O Google anunciou que seu assistente será capaz de ser intérprete de idiomas. Aparentemente, a nova tecnologia conseguirá fazer traduções simultâneas em 27 idiomas.

Porém não são todos os especialistas que concordam que esse tipo de evolução seja eficaz. Talvez ele funcione bem em uma sala com apenas duas pessoas, mas será que poderá ser usado perante uma audiência lotada?

Como funciona o interprete de idiomas do Google?

Usar o interprete de idiomas do Google é fácil. Basta dizer para o assistente alguma frase como “Google, me ajude a falar em francês”. O Google então irá gerar legendas automáticas.

A seguir, será liberado um segundo microfone para captar a voz da segunda pessoa e fazer a tradução para o idioma da primeira.

Mas será que isso é bom?

Alguém que deseja utilizar o assistente precisa ter em mente que a conversa não será normal. É preciso falar mais devagar do que o usual e abusar das pausas.

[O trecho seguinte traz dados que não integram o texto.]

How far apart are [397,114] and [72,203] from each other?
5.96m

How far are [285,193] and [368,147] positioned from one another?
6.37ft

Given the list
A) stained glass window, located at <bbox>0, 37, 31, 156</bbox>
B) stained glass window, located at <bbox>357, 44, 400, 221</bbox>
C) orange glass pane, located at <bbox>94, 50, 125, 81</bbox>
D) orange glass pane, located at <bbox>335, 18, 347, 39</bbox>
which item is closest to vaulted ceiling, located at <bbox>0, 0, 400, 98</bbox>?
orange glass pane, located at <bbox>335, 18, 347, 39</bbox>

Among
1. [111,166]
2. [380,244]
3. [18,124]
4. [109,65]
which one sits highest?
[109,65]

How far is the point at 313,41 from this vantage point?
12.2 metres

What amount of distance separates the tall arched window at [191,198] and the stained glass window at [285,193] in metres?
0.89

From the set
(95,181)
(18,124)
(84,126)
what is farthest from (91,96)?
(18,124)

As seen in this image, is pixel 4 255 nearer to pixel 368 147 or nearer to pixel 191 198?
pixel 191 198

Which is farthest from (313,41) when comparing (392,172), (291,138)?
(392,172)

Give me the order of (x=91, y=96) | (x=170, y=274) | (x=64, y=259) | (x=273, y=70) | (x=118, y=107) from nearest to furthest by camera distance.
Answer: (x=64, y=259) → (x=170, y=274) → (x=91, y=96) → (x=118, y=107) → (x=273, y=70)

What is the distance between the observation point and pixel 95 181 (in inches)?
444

Além disso, há o fato de que esse tipo de dispositivo funciona muito bem em salas fechadas. Entretanto, em lugares com sons exteriores ou com um número maior de pessoas fazendo parte da comunicação, a tradução já não é tão eficaz.

Ou seja, apesar de ser uma tecnologia facilitadora, ela ainda possui uma série de limitações. Portanto, a ideia é que ela seja utilizada, em um primeiro momento, só para resolver questões pontuais.

Porém a Google não é a única empresa se dedicando à criação dessa tecnologia. O jornal The Guardian entrevistou o Alex Waibel, do Instituto de tecnologia de Karlsruhe, na Alemanha.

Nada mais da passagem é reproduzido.